DATASET CONTENT —
- - - - - - -
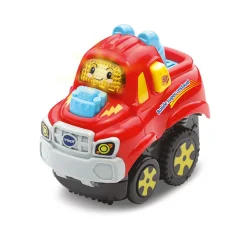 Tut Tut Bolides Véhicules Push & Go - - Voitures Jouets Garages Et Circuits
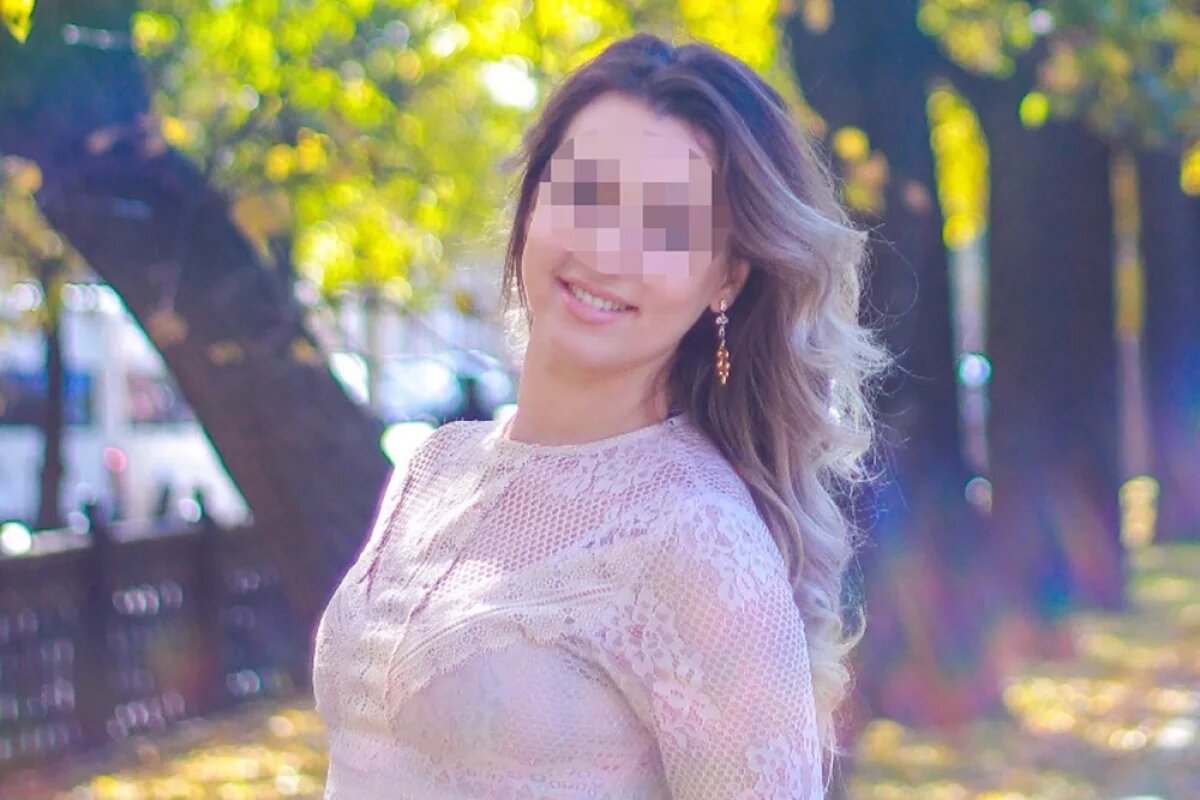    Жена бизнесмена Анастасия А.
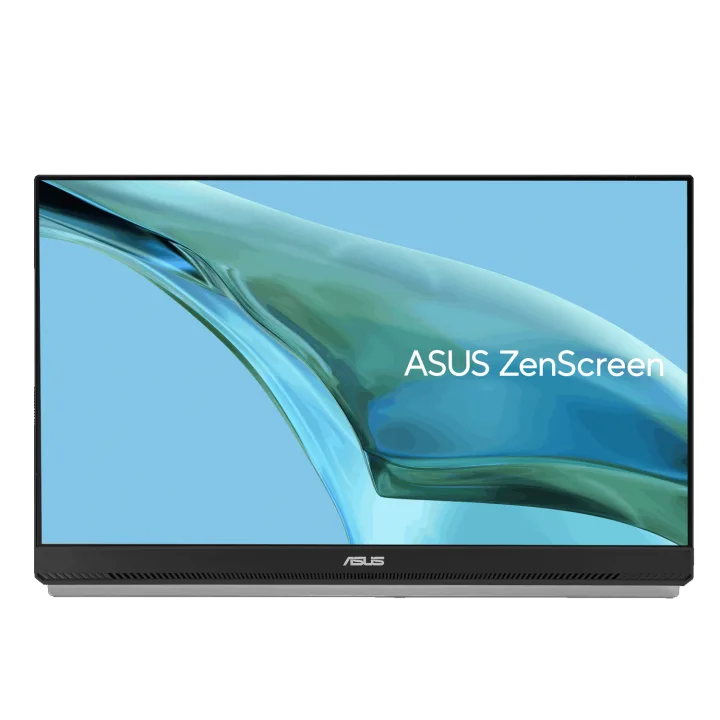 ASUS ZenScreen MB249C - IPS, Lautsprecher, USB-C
- - - - - - -
ABOUT THIS TASK —
Leave the pictures out, and print every line of the listing exactly as written.

SOLUTION —
 Tut Tut Bolides Véhicules Push & Go - - Voitures Jouets Garages Et Circuits
    Жена бизнесмена Анастасия А.
 ASUS ZenScreen MB249C - IPS, Lautsprecher, USB-C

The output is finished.